Staff Editoral: Internet filters hamper student learning; Blocked websites prevent students from conducting necessary research
June 4, 2012
In 2001, the Federal Communication Commission enacted a law passed by Congress called The Children’s Internet Protection Act, or CIPA. The law requires schools receiving federal funding to implement “protection measures [that] must block or filter Internet access to pictures that are: (a) obscene; (b) child pornography; or (c) harmful to minors”—and that’s all it requires schools to filter. Any additional filtering crosses the fine line between protecting our innocence and violating our rights.
The district has been using its filtering system, Cymphonix, since 2007. The system blocks websites according to pre-programmed keywords and manually added websites.

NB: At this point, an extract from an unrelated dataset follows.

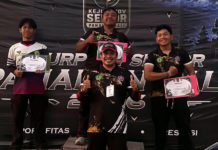 Buleleng Raih 5 Emas, Juara Umum II Panahan Bali 2026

The program’s list of more than 30 categories, includes tags ranging from “Alcohol” to “Hate” to “Sexual Education,” and manually blocked websites include Facebook, Tumblr and Twitter.
According to the U.S. Department of Education’s website, “ensuring student safety on the Internet is a critical concern, but many filters meant to protect students also block access to legitimate learning content.” Unfortunately, Cymphonix is one of them.
“They definitely limit anything even perceived as controversial,” said social studies teacher Jonathan Stack, who added that the filters “have a negative impact,” particularly in courses such as Racism, Global Perspectives and Genocide and the Holocaust, which deal with sensitive subjects.
Stack has had to print materials from home and distribute them to students since they were blocked by the school’s filters. Similarly, students in Public Speaking have had difficulty using the school’s computers to prepare for debates about hot-button issues like stem cell research or gun control, since the system blocks everything from “Abortion” to “Weapons.”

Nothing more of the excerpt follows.